Source material:
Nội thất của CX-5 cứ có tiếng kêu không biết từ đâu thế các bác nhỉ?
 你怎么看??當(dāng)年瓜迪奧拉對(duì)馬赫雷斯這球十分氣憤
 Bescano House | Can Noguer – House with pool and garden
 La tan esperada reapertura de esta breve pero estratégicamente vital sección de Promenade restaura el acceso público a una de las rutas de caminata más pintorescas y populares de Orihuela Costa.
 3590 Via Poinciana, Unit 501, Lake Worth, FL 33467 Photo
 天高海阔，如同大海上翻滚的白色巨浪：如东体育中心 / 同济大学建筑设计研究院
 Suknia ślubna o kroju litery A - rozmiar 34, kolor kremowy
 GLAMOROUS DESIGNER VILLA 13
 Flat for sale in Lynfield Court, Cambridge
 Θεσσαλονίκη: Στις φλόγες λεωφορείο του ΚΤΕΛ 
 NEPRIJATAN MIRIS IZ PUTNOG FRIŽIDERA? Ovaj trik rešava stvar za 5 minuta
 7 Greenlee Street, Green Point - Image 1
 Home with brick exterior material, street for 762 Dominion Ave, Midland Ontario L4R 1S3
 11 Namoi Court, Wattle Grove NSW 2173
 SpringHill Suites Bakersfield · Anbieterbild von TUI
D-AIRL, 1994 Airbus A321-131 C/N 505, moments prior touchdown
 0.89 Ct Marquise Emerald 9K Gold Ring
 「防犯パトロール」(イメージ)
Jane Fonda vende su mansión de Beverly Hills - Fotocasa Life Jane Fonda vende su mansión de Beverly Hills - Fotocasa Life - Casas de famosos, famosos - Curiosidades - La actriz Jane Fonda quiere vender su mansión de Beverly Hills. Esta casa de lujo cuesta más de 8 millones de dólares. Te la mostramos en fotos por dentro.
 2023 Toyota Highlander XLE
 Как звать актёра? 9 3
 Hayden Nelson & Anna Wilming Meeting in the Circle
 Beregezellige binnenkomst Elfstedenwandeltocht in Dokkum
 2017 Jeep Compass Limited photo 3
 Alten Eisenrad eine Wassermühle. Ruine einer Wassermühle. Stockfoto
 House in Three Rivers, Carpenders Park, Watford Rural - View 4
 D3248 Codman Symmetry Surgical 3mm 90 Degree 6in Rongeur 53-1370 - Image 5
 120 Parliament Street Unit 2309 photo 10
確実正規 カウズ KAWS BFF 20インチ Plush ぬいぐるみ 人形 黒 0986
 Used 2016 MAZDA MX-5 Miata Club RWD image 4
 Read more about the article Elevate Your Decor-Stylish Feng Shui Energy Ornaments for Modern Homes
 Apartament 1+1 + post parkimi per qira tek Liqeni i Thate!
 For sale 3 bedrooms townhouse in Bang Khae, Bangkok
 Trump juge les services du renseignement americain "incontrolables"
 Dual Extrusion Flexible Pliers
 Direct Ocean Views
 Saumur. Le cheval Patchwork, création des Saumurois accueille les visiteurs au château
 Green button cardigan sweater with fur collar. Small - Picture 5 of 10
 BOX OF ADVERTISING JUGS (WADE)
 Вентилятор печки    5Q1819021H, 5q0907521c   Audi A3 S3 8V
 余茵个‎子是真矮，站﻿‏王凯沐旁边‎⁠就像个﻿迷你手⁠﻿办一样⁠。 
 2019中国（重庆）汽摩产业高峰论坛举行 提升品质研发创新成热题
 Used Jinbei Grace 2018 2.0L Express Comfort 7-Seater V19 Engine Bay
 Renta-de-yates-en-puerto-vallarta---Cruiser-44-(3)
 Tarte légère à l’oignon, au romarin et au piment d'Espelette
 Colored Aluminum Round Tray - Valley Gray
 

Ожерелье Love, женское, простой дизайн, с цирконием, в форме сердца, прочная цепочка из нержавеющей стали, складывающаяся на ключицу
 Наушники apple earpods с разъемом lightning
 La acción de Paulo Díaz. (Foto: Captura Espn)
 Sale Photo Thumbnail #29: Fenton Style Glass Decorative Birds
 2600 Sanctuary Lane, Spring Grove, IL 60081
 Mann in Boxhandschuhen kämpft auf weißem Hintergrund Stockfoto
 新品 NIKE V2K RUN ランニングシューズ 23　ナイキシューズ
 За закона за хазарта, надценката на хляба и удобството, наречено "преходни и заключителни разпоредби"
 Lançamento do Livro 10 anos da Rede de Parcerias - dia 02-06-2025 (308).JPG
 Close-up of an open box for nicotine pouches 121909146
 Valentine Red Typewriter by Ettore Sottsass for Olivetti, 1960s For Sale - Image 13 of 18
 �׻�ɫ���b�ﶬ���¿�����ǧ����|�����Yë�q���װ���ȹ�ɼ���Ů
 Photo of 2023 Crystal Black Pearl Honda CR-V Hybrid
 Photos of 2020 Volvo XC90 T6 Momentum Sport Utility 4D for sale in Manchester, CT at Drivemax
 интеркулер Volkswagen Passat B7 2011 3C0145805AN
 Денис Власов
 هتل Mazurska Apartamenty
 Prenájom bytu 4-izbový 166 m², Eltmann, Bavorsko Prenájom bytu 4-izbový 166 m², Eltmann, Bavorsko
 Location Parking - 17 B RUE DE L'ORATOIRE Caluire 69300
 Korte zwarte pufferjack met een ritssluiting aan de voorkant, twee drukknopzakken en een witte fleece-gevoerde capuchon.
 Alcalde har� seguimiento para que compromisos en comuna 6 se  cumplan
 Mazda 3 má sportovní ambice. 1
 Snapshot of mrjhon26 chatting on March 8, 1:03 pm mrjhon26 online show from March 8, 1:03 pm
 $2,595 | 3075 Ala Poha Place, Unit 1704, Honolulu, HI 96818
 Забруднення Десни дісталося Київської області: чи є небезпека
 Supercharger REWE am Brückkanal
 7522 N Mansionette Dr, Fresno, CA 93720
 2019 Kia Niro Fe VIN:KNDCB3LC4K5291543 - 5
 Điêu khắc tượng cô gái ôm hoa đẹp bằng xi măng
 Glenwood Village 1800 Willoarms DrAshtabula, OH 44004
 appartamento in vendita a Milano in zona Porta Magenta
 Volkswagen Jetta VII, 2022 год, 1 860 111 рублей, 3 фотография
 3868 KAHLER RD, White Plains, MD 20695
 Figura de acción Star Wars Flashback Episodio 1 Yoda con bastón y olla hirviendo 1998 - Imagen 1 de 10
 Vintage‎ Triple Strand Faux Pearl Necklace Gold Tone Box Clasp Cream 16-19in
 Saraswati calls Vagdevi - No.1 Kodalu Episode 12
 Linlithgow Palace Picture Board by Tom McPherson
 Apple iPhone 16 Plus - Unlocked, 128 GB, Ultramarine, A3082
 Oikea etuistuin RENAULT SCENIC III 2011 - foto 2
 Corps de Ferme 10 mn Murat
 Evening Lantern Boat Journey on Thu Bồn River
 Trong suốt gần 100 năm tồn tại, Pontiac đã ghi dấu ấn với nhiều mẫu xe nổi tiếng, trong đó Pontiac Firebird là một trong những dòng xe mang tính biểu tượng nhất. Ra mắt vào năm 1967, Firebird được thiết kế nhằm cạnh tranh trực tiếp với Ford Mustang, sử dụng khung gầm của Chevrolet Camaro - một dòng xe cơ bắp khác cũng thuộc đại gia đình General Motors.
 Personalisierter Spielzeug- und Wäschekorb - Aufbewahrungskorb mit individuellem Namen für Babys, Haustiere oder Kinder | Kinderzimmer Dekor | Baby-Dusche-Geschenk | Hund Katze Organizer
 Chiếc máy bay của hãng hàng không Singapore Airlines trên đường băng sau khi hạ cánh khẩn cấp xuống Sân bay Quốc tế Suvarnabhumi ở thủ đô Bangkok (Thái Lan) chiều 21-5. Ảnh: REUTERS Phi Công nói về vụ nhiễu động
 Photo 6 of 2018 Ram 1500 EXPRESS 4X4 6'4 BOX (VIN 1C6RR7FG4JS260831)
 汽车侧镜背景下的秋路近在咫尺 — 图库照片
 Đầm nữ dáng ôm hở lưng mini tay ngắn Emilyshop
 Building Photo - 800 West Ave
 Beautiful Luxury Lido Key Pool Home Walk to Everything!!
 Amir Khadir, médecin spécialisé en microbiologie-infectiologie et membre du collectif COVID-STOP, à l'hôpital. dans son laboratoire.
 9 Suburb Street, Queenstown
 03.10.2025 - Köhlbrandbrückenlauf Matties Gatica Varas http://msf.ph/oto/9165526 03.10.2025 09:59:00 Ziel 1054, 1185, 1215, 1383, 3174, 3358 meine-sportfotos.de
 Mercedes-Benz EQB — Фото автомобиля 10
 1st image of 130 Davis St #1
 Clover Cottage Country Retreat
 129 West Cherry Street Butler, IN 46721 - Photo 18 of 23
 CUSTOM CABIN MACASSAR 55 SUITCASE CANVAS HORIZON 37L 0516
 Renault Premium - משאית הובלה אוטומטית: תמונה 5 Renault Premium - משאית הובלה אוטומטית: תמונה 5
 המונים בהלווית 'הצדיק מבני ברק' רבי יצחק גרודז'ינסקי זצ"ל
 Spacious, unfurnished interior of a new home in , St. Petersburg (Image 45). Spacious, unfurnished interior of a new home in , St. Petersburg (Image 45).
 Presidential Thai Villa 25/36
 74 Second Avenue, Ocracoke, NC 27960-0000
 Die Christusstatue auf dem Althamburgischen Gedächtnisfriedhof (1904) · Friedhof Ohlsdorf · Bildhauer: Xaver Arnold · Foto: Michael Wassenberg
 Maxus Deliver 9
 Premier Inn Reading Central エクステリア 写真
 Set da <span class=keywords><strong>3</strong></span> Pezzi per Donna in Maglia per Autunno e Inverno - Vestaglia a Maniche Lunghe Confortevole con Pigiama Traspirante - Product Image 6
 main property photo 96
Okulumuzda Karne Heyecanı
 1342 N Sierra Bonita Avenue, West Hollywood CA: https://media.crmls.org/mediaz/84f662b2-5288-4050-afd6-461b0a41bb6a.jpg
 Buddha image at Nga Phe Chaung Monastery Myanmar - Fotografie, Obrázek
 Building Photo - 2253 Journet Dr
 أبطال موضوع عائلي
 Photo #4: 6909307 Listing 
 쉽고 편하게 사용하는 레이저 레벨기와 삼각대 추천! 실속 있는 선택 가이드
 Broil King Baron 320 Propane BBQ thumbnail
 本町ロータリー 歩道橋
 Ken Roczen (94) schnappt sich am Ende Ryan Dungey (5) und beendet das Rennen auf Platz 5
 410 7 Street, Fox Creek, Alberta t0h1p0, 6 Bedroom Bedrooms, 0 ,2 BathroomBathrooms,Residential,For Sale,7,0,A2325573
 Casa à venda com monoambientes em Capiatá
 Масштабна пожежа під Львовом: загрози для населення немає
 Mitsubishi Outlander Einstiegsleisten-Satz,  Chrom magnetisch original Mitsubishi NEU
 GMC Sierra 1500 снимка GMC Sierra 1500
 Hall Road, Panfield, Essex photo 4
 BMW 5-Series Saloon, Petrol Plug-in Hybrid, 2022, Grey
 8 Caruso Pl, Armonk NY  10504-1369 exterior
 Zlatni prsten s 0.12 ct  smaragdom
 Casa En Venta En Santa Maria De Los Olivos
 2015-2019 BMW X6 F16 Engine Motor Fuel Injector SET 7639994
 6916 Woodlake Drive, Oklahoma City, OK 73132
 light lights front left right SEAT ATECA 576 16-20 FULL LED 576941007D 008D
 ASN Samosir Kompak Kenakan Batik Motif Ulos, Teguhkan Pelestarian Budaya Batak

Exercise directions:
Look through the entries above. Copy each line in which the string "Sierra" occurs.

Answer to this problem:
 1342 N Sierra Bonita Avenue, West Hollywood CA: https://media.crmls.org/mediaz/84f662b2-5288-4050-afd6-461b0a41bb6a.jpg
 GMC Sierra 1500 снимка GMC Sierra 1500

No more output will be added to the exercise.